Persepolis - A Jury Prize winner from Cannes, this slickly (but not slick) animated flick tells the real-life story Marjane Satrapi's adventures in Iran during the Islamic Revolution, and subsequent coming-of-age attending school in Europe.  The Islamic Revolution is hardly the stuff of hearty comedy, but Satrapi and co-director Vincent Paronnaud, who mine material from Satrapi's autobiographical comic books, are able to keep the mood incredibly and, yes, shockingly light.  The animation will remind some of Emily Strange, and the voices are provided by the likes of Catherine Deneuve, Simon Abkarian and Danielle Darrieux.  It always seems like there's one very strong, very different animated film that gives the mundane, computer-generated 'toons about wacky animals banding together a run for their money come Oscar time, and Persepolis is almost certainly going to be this year's version of The Triplets of Belleville.

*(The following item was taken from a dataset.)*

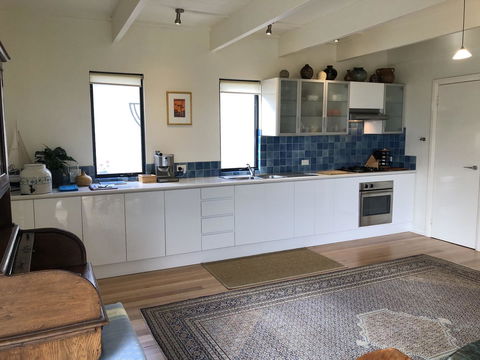 Orion Studio With Ocean Views - New Castle Holiday 6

It's a Free World . . .  - Ken Loach, hot off winning 2006's Golden Palm for The Wind That Shakes the Barley returns with -- surprise! -- a story about the plight of immigrant workers from Eastern European countries looking for work in the UK.  We're introduced to the story through Angie (the impressive Kierston Wareing), who works for a large employment agency that hires workers from Poland.  She's fired after dismissing the advances of her handsy boss, and cooks up an idea to start up her own agency in London with pal Rose (Juliet Ellis).  They vow to hire only people with valid immigration paperwork, and to sock enough money away to pay the piper when the government comes calling looking to tax the unregistered new business.  But Angie finds it easy to bend her own rules, which of course begins her frightening and dangerous downward spiral.  Wareing stands out among the slate of typically Loachian/genuine performances, managing to be both unlikable and empathetic at the same time.

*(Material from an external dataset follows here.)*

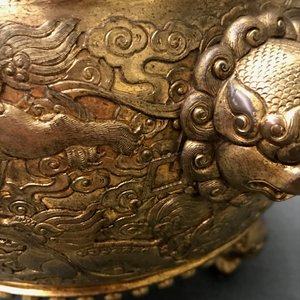 Un brûle-parfum tripod en bronze doré, marque de Qianlong, 19/20ème — photo 11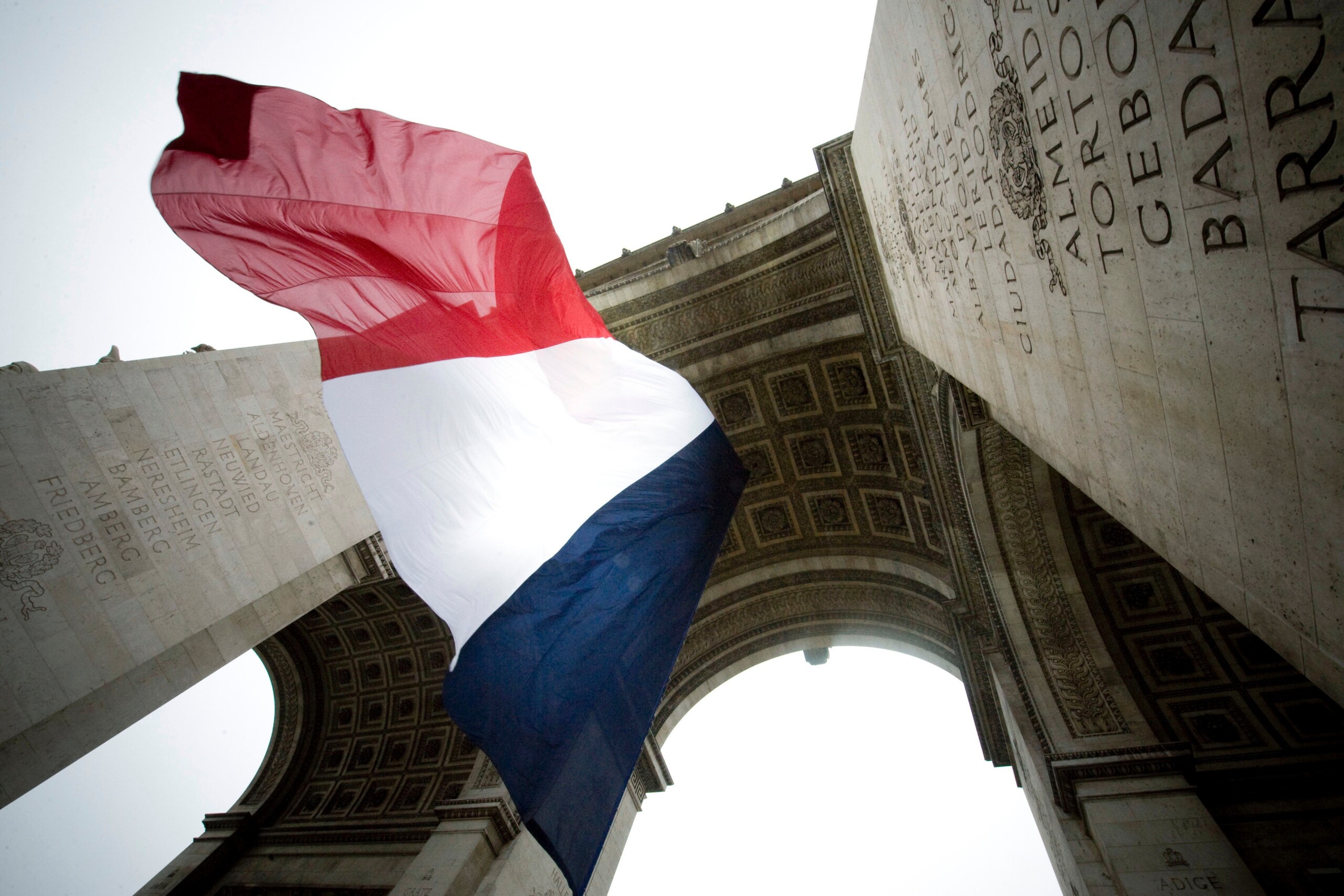 france lagresseur de larc de triomphe est decede des suites de ses blessures scaled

In the Valley of Elah - Is it unusual that the best moments in the insanely overrated Crash and the brand new Elah both involve an adult telling a small child a bedtime fairytale, which somehow serves as a metaphor for the film's "big picture"?  I don't care what you think -- it totally is.  Elah is about a retired military man named Hank Deerfield (Tommy Lee Jones) whose son goes AWOL upon his return to the United States after serving in Iraq.  When Hank drives from his Tennessee home to his son's base in New Mexico, viewers might get the impression Elah will follow a similar trajectory as The Limey.  But when the decapitated, burned remains of his son are discovered, the story takes more of a turn into something more akin to a "very special" episode of CSI: Red State when Hank hooks up with a bottom-rung police detective played by Charlize Theron and takes the investigation on himself.  Jones takes another huge step to distance himself from the utter bullshit films he made in the 13 years after winning an Oscar for The Fugitive, and Elah is a nice-looking picture, thanks to photography from Roger Deakins, who also shot the Festival's The Assassination of Jesse James by the Coward Robert Ford and No Country for Old Men, the latter of which also starred Jones, Josh Brolin, and Barry Corbin.  Hollywood: It's a small world, after all.